#### [AIM OF THE EXERCISE]
Return the lines of the material below exactly, beginning with the line that has "7800 Ne 172nd Avenue Vancouver WA 98682" in it and finishing with the line that has "Cicero Center Guest house 4*" in it. Leave all pictures aside.

#### [RECORD SET]
=====
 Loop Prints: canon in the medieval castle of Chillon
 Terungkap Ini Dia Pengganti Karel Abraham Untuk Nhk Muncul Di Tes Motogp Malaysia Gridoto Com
=====
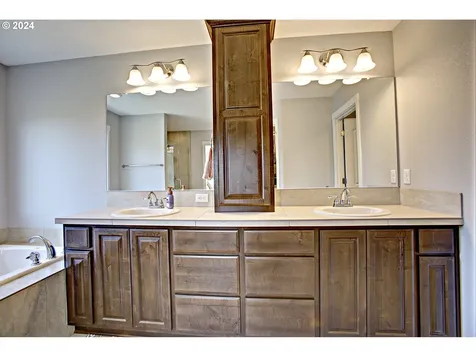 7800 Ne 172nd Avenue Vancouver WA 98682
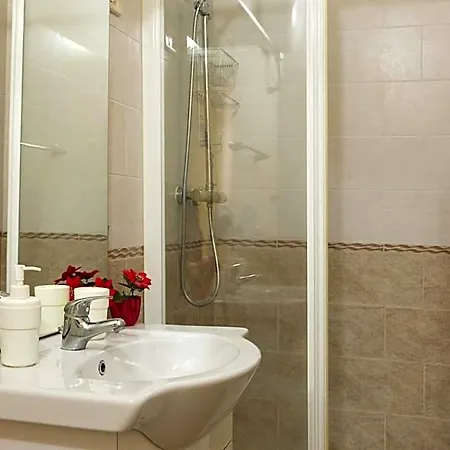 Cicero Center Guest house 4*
=====
#### [RESPONSE TO THIS TASK]
 7800 Ne 172nd Avenue Vancouver WA 98682
 Cicero Center Guest house 4*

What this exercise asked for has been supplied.